O ressurgimento da idéia em fontes tão separadas basta para ilustrar a permanência dos três fatores e a sua função no equilíbrio civilizacional. A tensão entre o Estado, a Igreja e os intelectuais não é só o fio condutor da história ocidental: é o padrão distintivo entre as épocas de liberdade e de opressão. A opressão sobrevém quando uma das três forças subjuga as outras duas, rompendo a articulação normal. A estabilidade democrática da Inglaterra e dos EUA proveio de que a fé intelectual dominante (o cientificismo positivista) imperou no microcosmo universitário sem arruinar a religião geral e a ordem pública. Na Rússia dos tzares, o Estado fundido à Igreja esmaga a filosofia e a ciência. Em 1917, os intelectuais transmutados em revolucionários conquistam o poder político e esmagam a religião. Na Alemanha nazista, a força expansiva do Estado sufoca por igual a cultura e a Igreja. Por toda parte, a tripla distinção burckhardtiana não cessa de mostrar sua fecundidade. Aplicada ao Brasil, permite delinear com muita clareza o quadro presente.

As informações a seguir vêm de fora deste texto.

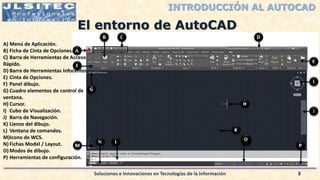 INTRODUCCIÓN AL AUTOCAD
Soluciones e Innovaciones en Tecnologías de la Información 8
El entorno de AutoCAD
A) Menú de Aplicación.
B) Ficha de Cinta de Opciones.
C) Barra de Herramientas de Acceso
Rápido.
D) Barra de Herramientas Infocenter.
E) Cinta de Opciones.
F) Panel dibujo.
G) Cuadro elementos de control de
ventana.
H) Cursor.
I) Cubo de Visualización.
J) Barra de Navegación.
K) Lienzo del dibujo.
L) Ventana de comandos.
M)Icono de WCS.
N) Fichas Model / Layout.
O) Modos de dibujo.
P) Herramientas de configuración.
 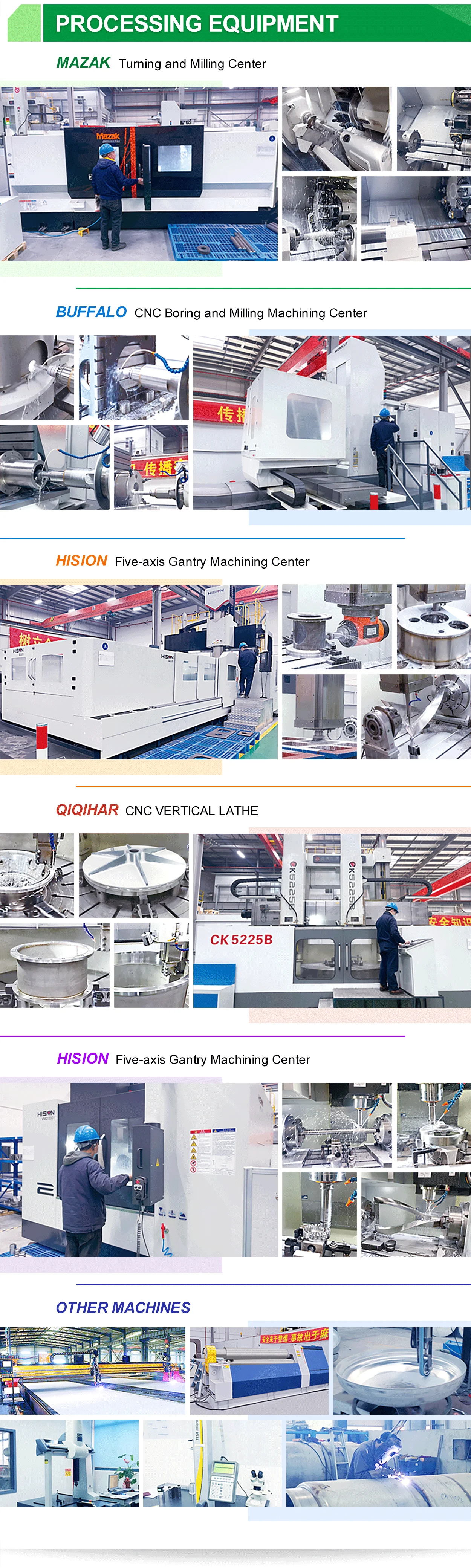 Oil Paint Making Machine Mixing Tank Paint Production Line - Buy Oil ...
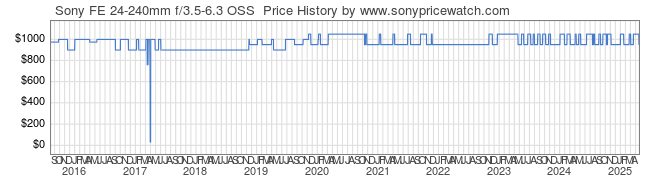 Price History Graph for Sony FE 24-240mm f/3.5-6.3 OSS  (E-Mount, SEL24240)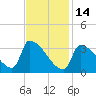 Brunswick tide chart for Tuesday, February 14, 2023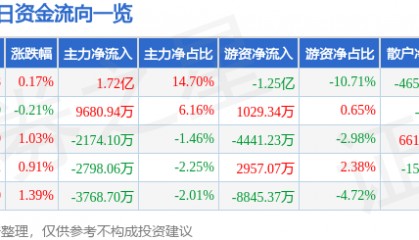 股票行情快报:格力电器(000651)5月13日主力资金净买入1.72亿元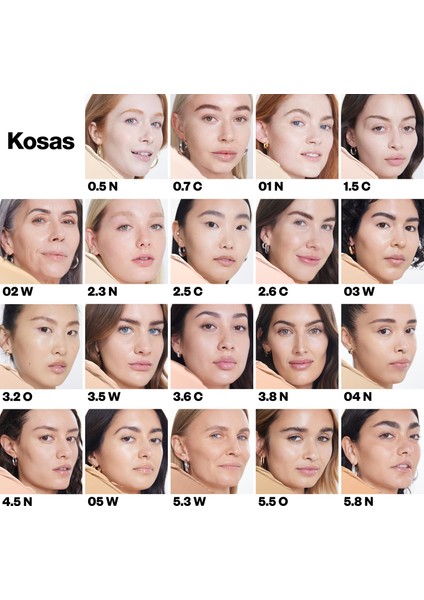 Revealer Concealer - Kapatıcı 3.5 W (6 ml)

Reagindo aos militares, a intelectualidade ativista dos anos 60 recorre à estratégia gramsciana de domar a sociedade pela hegemonia cultural antes de aventurar-se à conquista do poder político. Por volta de 1990 a hegemonia é fato consumado: símbolos e valores da esquerda, tão disseminados que já não são reconhecidos como tais, dominam todo o panorama dos debates públicos, da arte e da mídia. A conquista do Estado, na via aberta pelo rolo compressor da hegemonia, vem em 2002, numa eleição disputada “em família” entre quatro candidatos de esquerda. Daí por diante já não existe, na prática, atividade intelectual independente: artistas, professores, juristas, jornalistas tornam-se os sacerdotes do unanimismo, permanecendo-lhe fiéis mesmo quando ele os decepciona e colaborando docilmente para que todo fato que o desabone além das conveniências permaneça ignorado do público. Críticas esporádicas anulam-se a si próprias por meio das ressalvas laudatórias de praxe e não alteram a situação. O establishment cultural e midiático integrou-se ao poder de Estado. A política, doravante, reduz-se à disputa superficial de cargos e vantagens entre facções irmanadas pela identidade dos fins ideológicos.

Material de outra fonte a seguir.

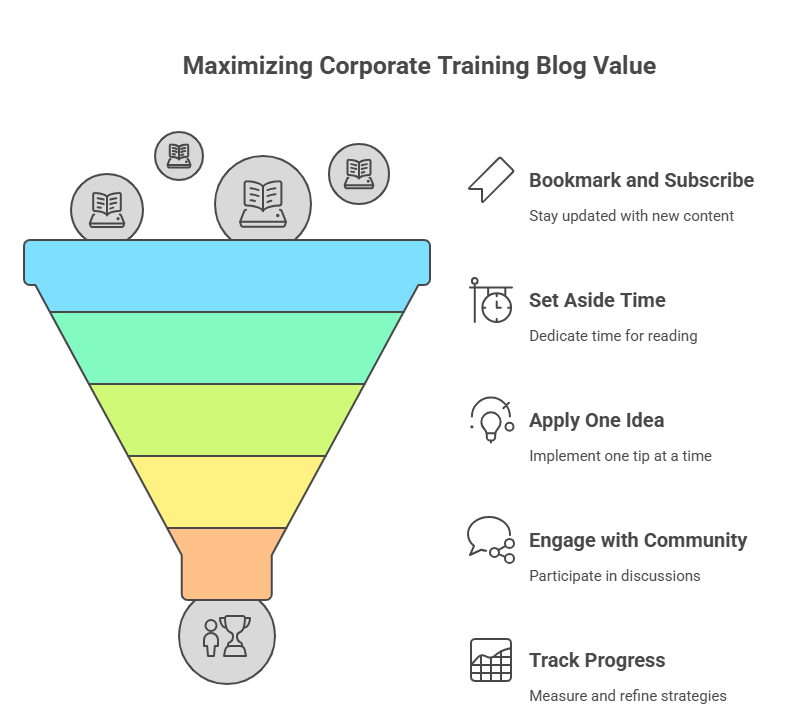 How to Make the Most of Corporate Training Blogs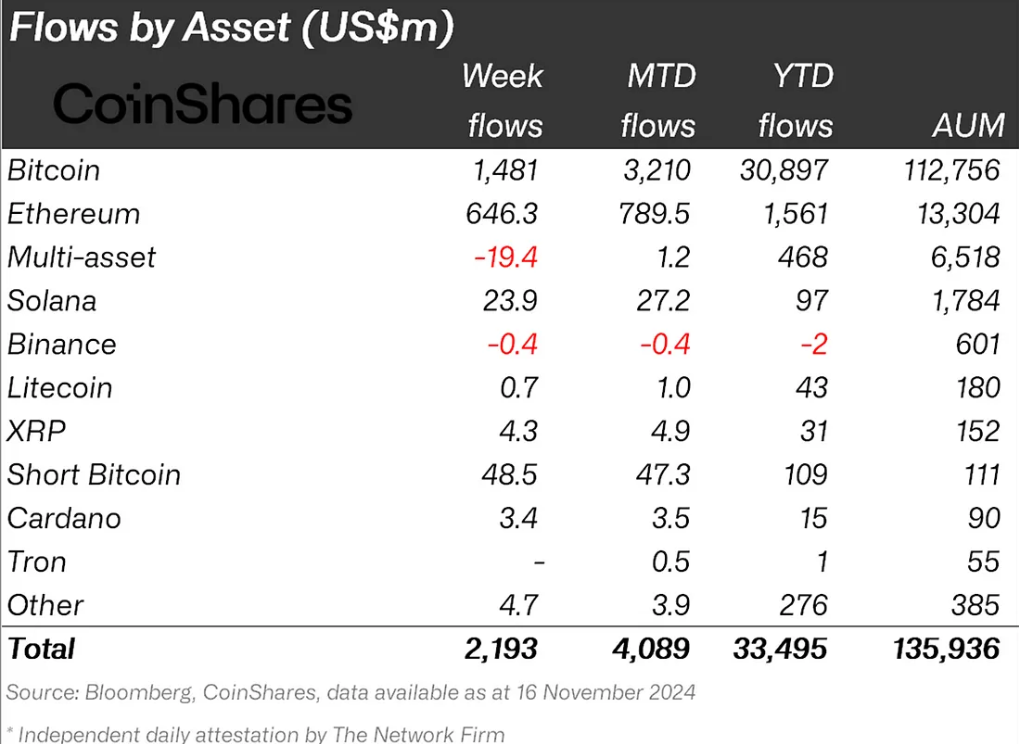 flow-by-asset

Mas essa formidável condensação de poderes ainda não se sente segura. Não conquistou por inteiro os corações e mentes. O apego popular a valores religiosos tradicionais pode oferecer resistência, ao menos passiva, à consolidação do poder. Começa a luta pela conquista da Igreja. Enquanto o último fiel não tiver abandonado o cristianismo para aderir à “teologia da libertação”, o processo não estará completo. Daí a insistência geral da mídia não só em equacionar as questões religiosas segundo categorias ideológicas pré-moldadas, mas também em impor como intérpretes máximos da doutrina as figuras espiritualmente irrisórias, se não diabolicamente caricaturais, dos srs. Frei Betto e Leonardo Boff.
Graduando com habilidade pavloviana a engenharia do caos e a esperança falaciosa de uma ordem salvadora, a revolução gramsciana no Brasil vai-se consolidando aos poucos, sem traumas intoleráveis, minando as resistências pelo cansaço, legitimando-se pela força inconsciente do hábito e avançando com firmeza tranqüila na direção do único totalitarismo perfeito, aquele que o próprio Gramsci descrevia como um poder onipresente, insensível e invisível: o reinado das trevas, fundado na ignorância geral da sua natureza e até da sua existência.